Barbara Crafton, at
The Geranium Farm, has an article entitled "
The Good of the Group", where she says:
I guess many of us just like to be on teams, to be part of something larger than ourselves. We like to put forth a mighty effort, focusing on it together, and to feel the might of its spirit when we do so. We multiply ourselves when we work with others, and we savor the power of that.
This is so true of most people that it has created major moral problems, more than once. Rheinhold Neibuhr's Moral Man and Immoral Society is about just this: the moral power of the individual to transcend himself for the sake of the whole becomes demonic when the values of the whole are demonic. Neibuhr adduced the figure of "the good German" to illustrate this: a patriot who follows orders and loves his country, carried, by the very fact of his devotion, into a perverse moral universe in which it becomes an act of righteousness to kill innocent people. We wonder, often, how so many ordinary people could have participated in the horror of the Holocaust. How did they get so unmoored from their own sense of good and evil? The question makes us uneasy; our moral sense may be a lot more community-relative than we like to think it is. It's not just ourselves that we must transcend. Sometimes we must transcend our whole world...
This is important. It's important in little ways, like the
cultural imperatives I wrote about the yesterday, where
violence as a way of thinking is inherent in people's very upbringing, and it's important in big ways, like Auschwitz and Abu Ghraib. We grow up, we bring our own children up, conditioned to put the mores of the group ahead of individual conscience, and to use violence as a response to suffering, and then we wonder how these atrocities occur.
Of course, most people wouldn't admit to these forms of upbringing, if you put it like that. But look at "team spirit", look at fraternities and sonorities, look at "keeping in with the neighbours / up with the Joneses", look at "standing up for oneself" when it actually means using explicit or implicit violence to stand up for the values of the family, or the school, or the cadet force, or...
Henri Nouwen wrote:
When you are interiorly free you call others to freedom, whether you know it or not. Freedom attracts wherever it appears. A free man or a free woman creates a space where others feel safe and want to dwell. Our world is so full of conditions, demands, requirements, and obligations that we often wonder what is expected of us. But when we meet a truly free person, there are no expectations, only an invitation to reach into ourselves and discover there our own freedom.

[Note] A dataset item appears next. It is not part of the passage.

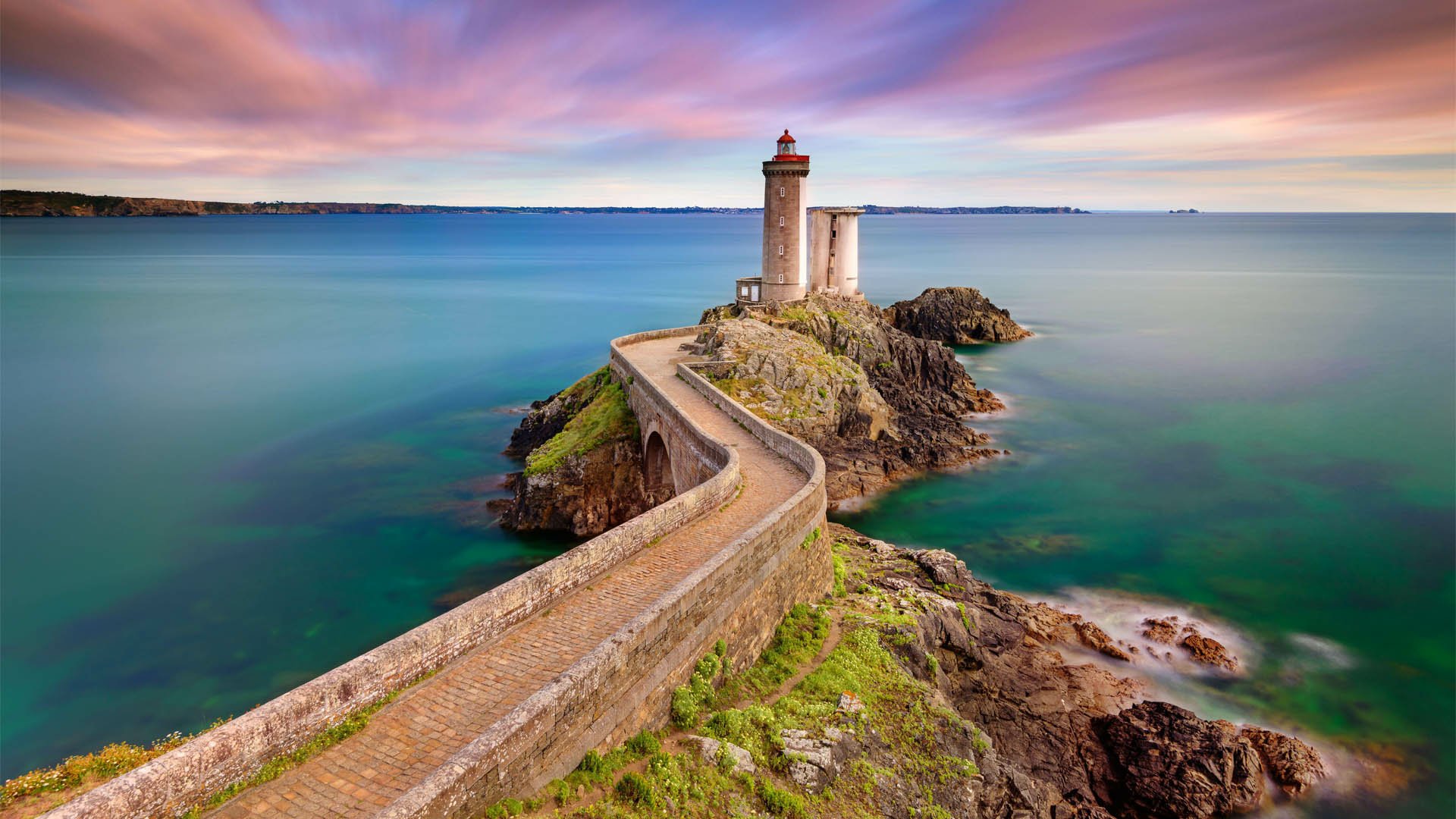 HD desktop wallpaper of a man-made lighthouse on a rocky coastline with a winding walkway under a colorful sunset sky.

Where true inner freedom is, there is God. And where God is, there we want to be.
Is there a contradiction here?
Freedom in this sense is above all freedom from the very "conditions, demands, requirements, and obligations" I've been writing about, and yet Nouwen is speaking of the attractiveness of the free woman or man.

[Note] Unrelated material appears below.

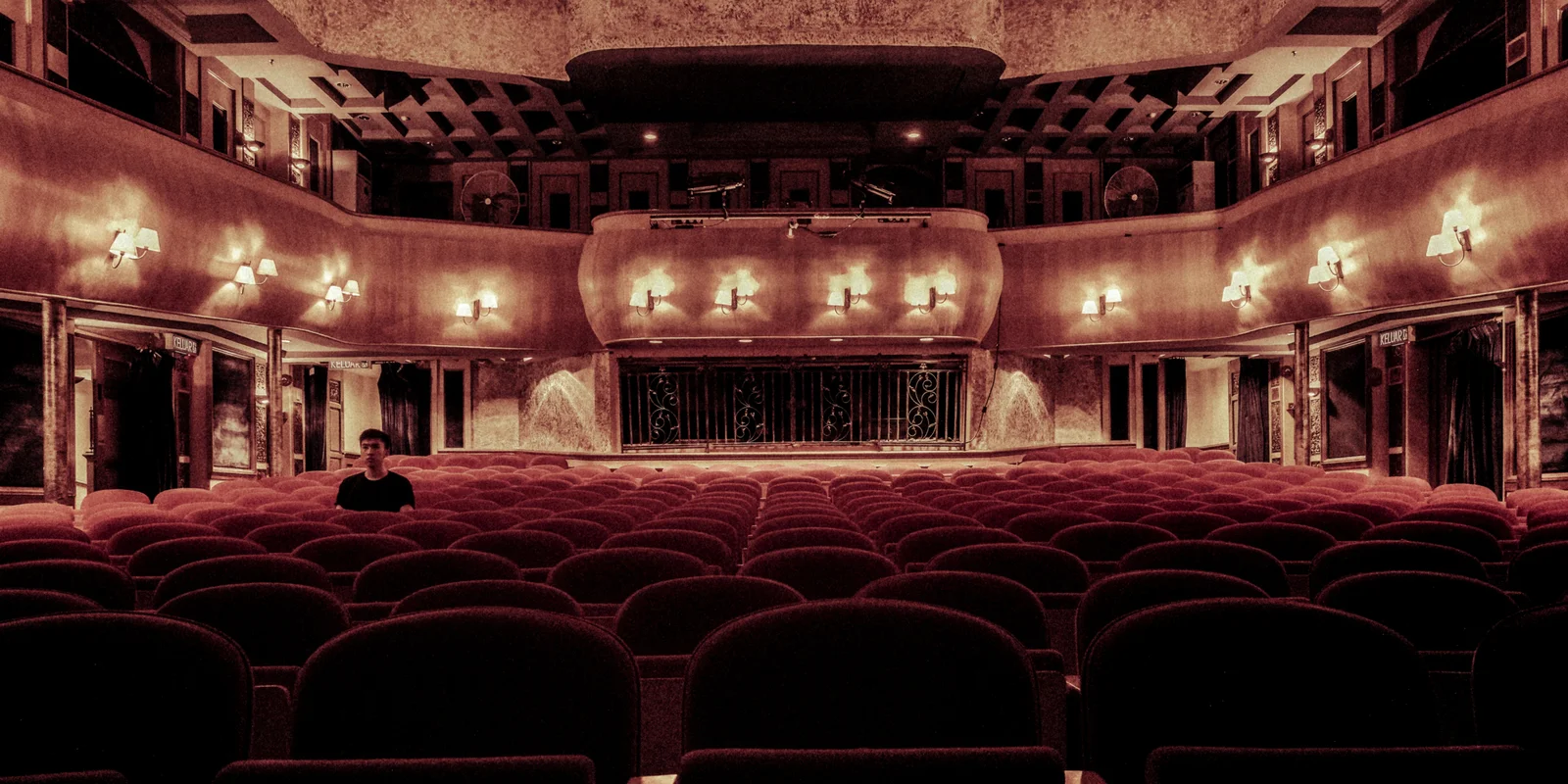 Ein Mann sitzt einsam im Zuschauerraum eines großen Theatersaals.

I wonder if this doesn't lie close to the heart of the Gospel message... Jesus was apparently a shockingly attractive man. People, sometimes in crowds, would leave everything, families, livelihoods, homes, just to be with him, to listen to him speak and to watch what he did. And yet, ultimately, it was the people who condemned him to death, calling for the release of Barabbas (Matthew 27) rather than Jesus from Roman custody.
As I said yesterday, society doesn't much like folks who live free of cultural imperatives, from the will of the crowd. Martin Luther King, Gandhi, Steve Biko, Dietrich Bonhoeffer, came to a sticky end. St. Francis (see
this account, paragraphs 5 & 6) had a most painful interview with his own father, who was standing almost as a representative of his class and society, and were it not for the far-sighted intervention of his Bishop, things might have turned out worse than they did.
Writing of
St. Benedict Joseph Labre, Leonard Foley OFM, says:
In a modern inner city, one local character kneels for hours on the sidewalk and prays. Swathed in his entire wardrobe winter and summer, he greets passers-by with a blessing. Where he sleeps no one knows, but he is surely a direct spiritual descendant of Benedict, the ragged man who slept in the ruins of Rome's Colosseum. These days we ascribe such behavior to mental illness; Benedict’s contemporaries called him holy. Holiness is always a bit mad by earthly standards.
Perhaps we are called to be a bit mad. If you recall, Jesus' own family (Mark 3.20-30) thought him more than a bit mad, as did Francis' townsfolk of him!